His turn as Mackey opened up other parts, like Ben Grimm/The Thing in Fantastic Four and Fantastic Four: Rise of the Silver Surfer (passion projects for Chiklis, a lifelong comic book fan) and more recent roles in American Horror Story: Freak Show and Gotham.
Soon, Chiklis will bring a Mackey-esque tough-guy edge to his starring role in the upcoming series Coyote, set to premiere on an as-yet undisclosed streaming service in early 2021. He plays Ben Clemens, a longtime US Border Patrol agent who, on the same day of his mandatory retirement, finds a tunnel used for smuggling black market goods into the United States from Mexico. Through a series of events, he becomes a coyote, someone who smuggles people across the border. Chiklis, who also serves as a coexecutive producer on the series, worked with the show’s director and executive producer Michelle MacLaren for more than two years to polish the series and get it ready for development.
“This show is about a collision of cultures.

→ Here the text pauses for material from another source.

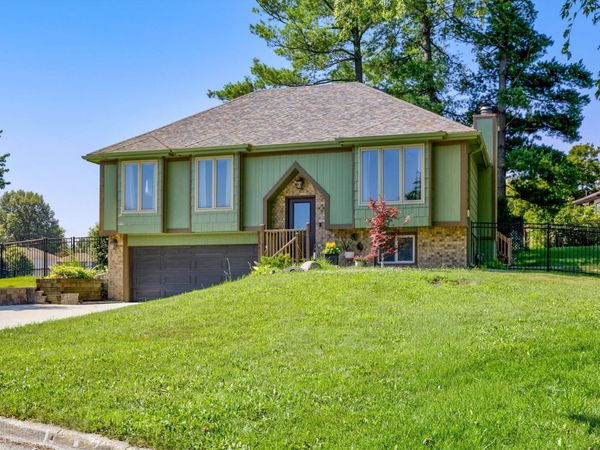 1161 Columbine Circle, Norwalk, IA 50211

It’s very timely, but the show is not political,” says Chiklis. Half of the show’s writing staff, he says, are South and Central American and Mexican, while the other half are from the United States. He is drawn to playing the complex Clemens, a character whose “viewpoint has been galvanized through echo chambers. But he starts questioning his views. It’s very disillusioning for him and very disorienting.”
Filming for the show started in November 2019, mostly around Baja California, Mexico, and Chiklis often faced rigorous shoots—including one that landed him in surgery. While shooting a scene in the Sonoran Desert during the first couple of weeks of filming, he was running up a mountain face and hopped over a prairie dog hole to avoid it. “Unfortunately, I landed right above the hole, where the tunnel was, and it collapsed. My knee completely hyperextended.” He kept going and finished the take. Although he knew he was hurt, he continued filming through the next few months with two tears in his meniscus.

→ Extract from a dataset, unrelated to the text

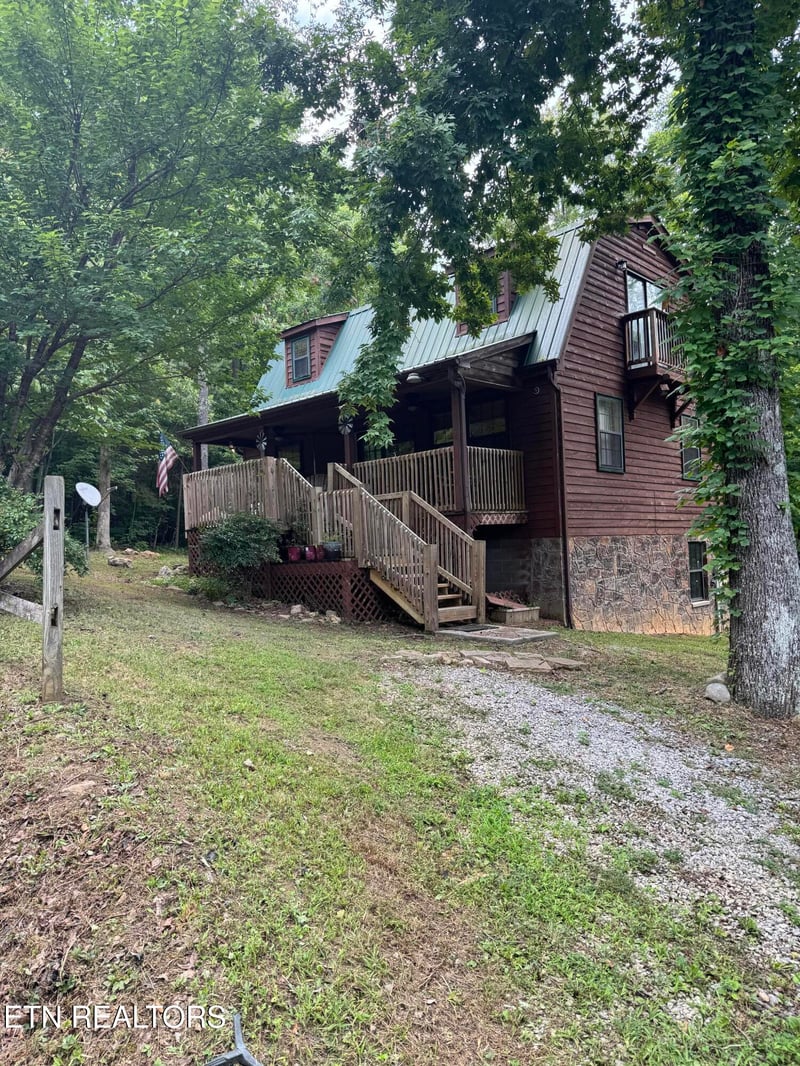 1474 Black Oak Dr, Sevierville, TN 37862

Then, in March, six and a half episodes into filming, production had to suddenly shut down due to COVID-19. “We had to stop in the middle of this amazing experience that we were having. It was horrible,” says Chiklis. Still, he was inspired by how the cast and crew adapted.
“The postproduction on those episodes was done entirely remotely, which was just an extraordinary and arduous experience. But it was the only way to be able to do it. I really think this will change the way the industry does business in the future.”
Chiklis says filming Coyote brought back memories of making The Shield.
“Sometimes, when people watch something on TV, they’re watching with this benign, removed attention,” he says. But, he’s not interested in that. “I want to affect people. I want to make people feel something. It’s so satisfying when I make something that entertains people, but also gets them thinking, gets them engaged, and maybe makes them see things in a different way.”